Here are two links that Ned Sublette, who has just written the definitive work on the roots of the music of New Orleans,The World That Made New Orleans: From Spanish Silver to Congo Square, passed on about Edward’s exit:

1) “Through fourteen Republican Debates, no moderator has asked any Republican Presidential candidates a single question about rebuilding New Orleans and the Gulf Coast.”

2) He started his address about 30 minutes after stopping at an interstate underpass to talk to homeless people at an encampment of about 200 people. “One woman said to me, ‘You won’t forget us, will you?’ Well, I say to her, we will never forget you. We will fight for you, stand up for you,” he said.

posted by @ 7:13 am | 0 Comments

Tuesday, January 29th, 2008

2G2K Circus :: Turning Mothers (And Sons And Daughters) Out

The topic on the table is whether Dem enthusiasm in the primaries now means a lick. Here’s what Ferentz says. My reply::

I agree with you and yours that people just don’t feel Hillary like they do Barack, or even Edwards. Quite a few people I know very well get nigh hysterical about the prospect. (That’s no doubt part of why my knee has been jerking so hard against Obama this past week–it’s the protection reflex at work.)

But I lean towards thinking that will not be a problem for Dem enthusiasm in November.

To take but one demo, young people displayed mad enthusiasm in 2004, came out in huge numbers for Kerry, despite perhaps a general lack of feeling for dude in comparison to, say, Dean. I kinda think whomever the Dem nominee is, that trend will continue. If Hillary is the nominee, there will likely be a groundswell of feminist fundraising and GOTVing as well.

If Romney is the nominee, that might be an electric prod too. McCain and Huckabee generate much more buzz amongst independents and evangelicals respectively, (Reep voters under 30 are a rare breed, and have been rarer still in the primaries…) and their relative authenticity–setting aside their platforms for a second–makes either of them tougher opponents. But Romney seems like the perfect enemy for Dems to rally against: a double-talking, attack-dogging, vote-pandering, inauthentic, officious, 6-foot-2 square-jawed version of W.

Thing is, as of tonight, it looks like McCain may win.

Obama vs. McCain or Hillary vs. McCain. Do those contests sound exciting?

posted by @ 7:22 pm | 0 Comments

Tuesday, January 29th, 2008

Activism Right There! At Cal


posted by @ 10:27 am | 0 Comments

Tuesday, January 29th, 2008

2G2K Circus: Rudy Can Fail

Ferentz sets it off here. Here’s my reply:

So I’m with you and man, I can’t tell you how mad I am Rudy is half-stepping through all this. If there’s anyone who is sharkbait for folks like us the way Hillary is for the Reeps, it’s Rudy. Nobody would get a bloc of militantly skeptical hip-hop non-voters ready to rock like the prospect of nationalizing Giuliani Time for 4 years, after 8 of what we’ve just been through.

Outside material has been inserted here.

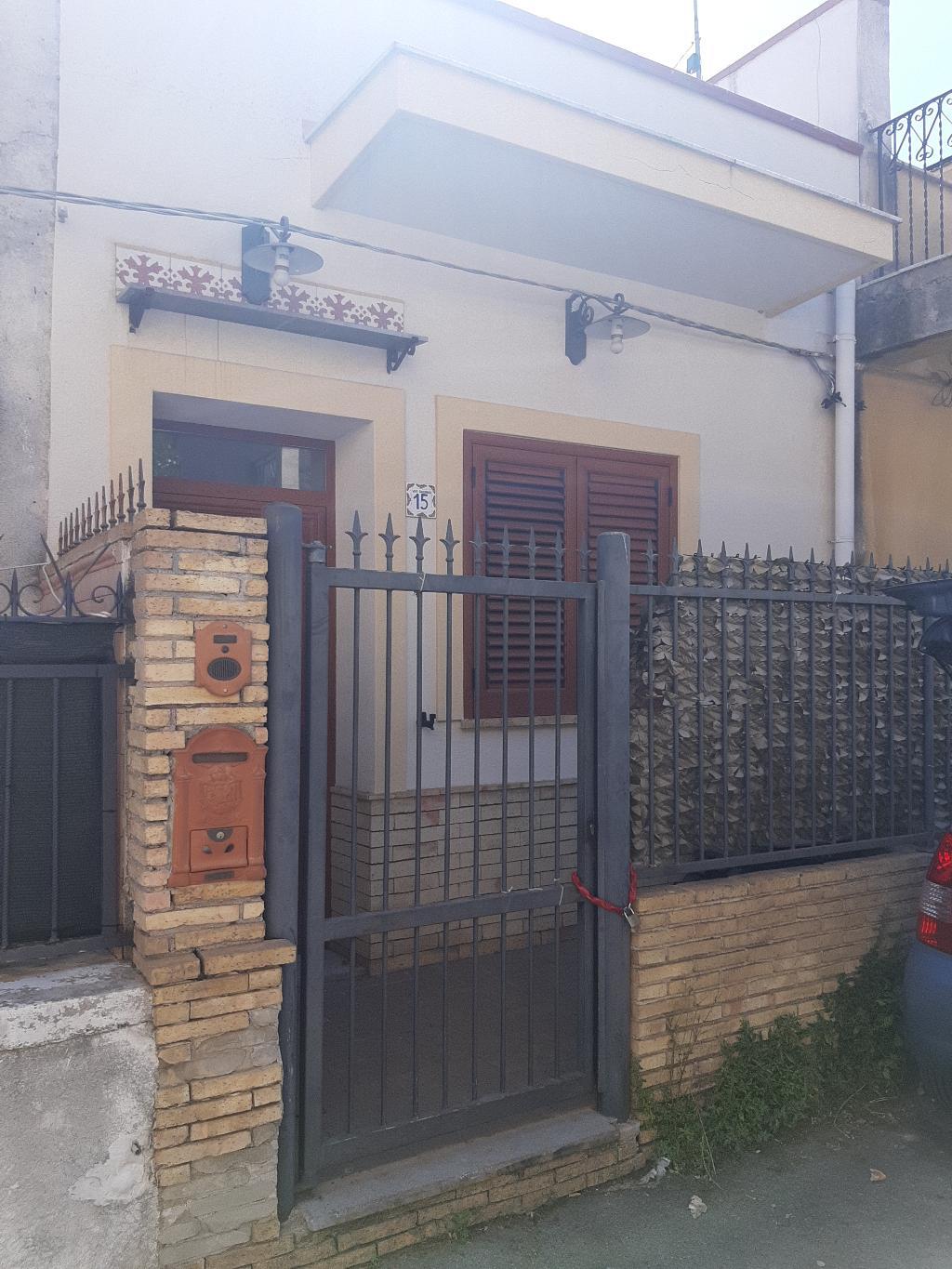 Appartamento PALERMO vendita  MONDELLO  via Arianna Punto Casa di Claudio Costantino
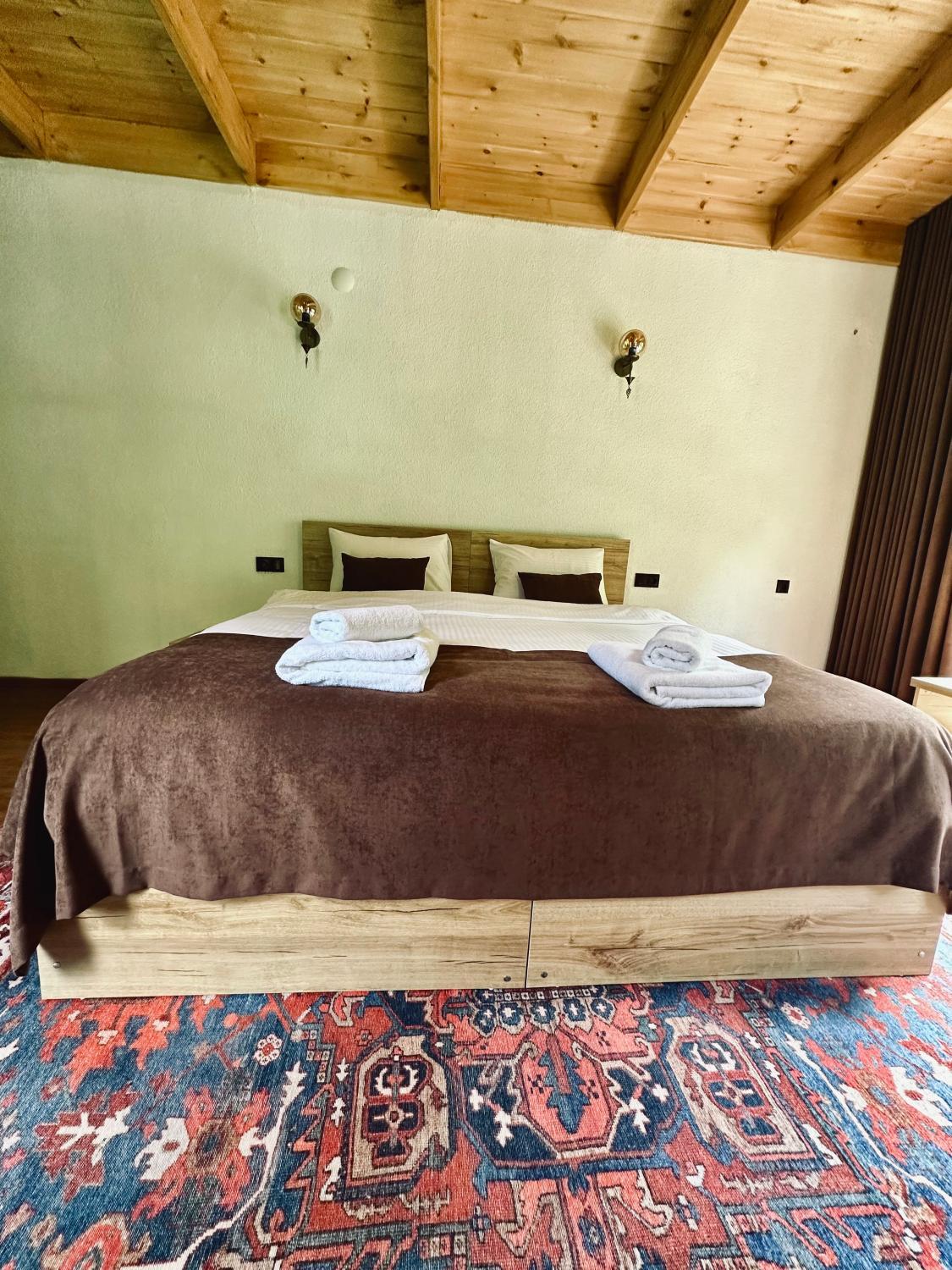 4, Kamilet otel ve restoran, Arhavi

But anyway, put a fork in him.

What’s funny about politics is the way it twists a candidate up. As the Times notes today, Rudy is now campaigning as a Reep version of Obama Lite, decrying negativity, trolling for votes in multiculti neighborhoods, and hugging it up with Judith and everyone. (An anti-Romney move, though since Giuliani is so far behind in the polls, it doesn’t matter.)

It might be added that since he’s started late, his basically bicoastal campaign makes him seem like exactly the kind of stereotypical NY-CA liberal that most of the country loves to hate. So yeah, you’re right. He can’t have been serious. If he was, he might have used his bank to hire someone who actually had a clue.

On a different topic, The Times and some commenters here have noted that there’s a huge enthusiasm gap with the Reep race this year. Nevada alone turned out over 10x as many Dems to the caucuses this year as they did in 2004, and 3x as many as Reeps. How do you think this translates to the general election?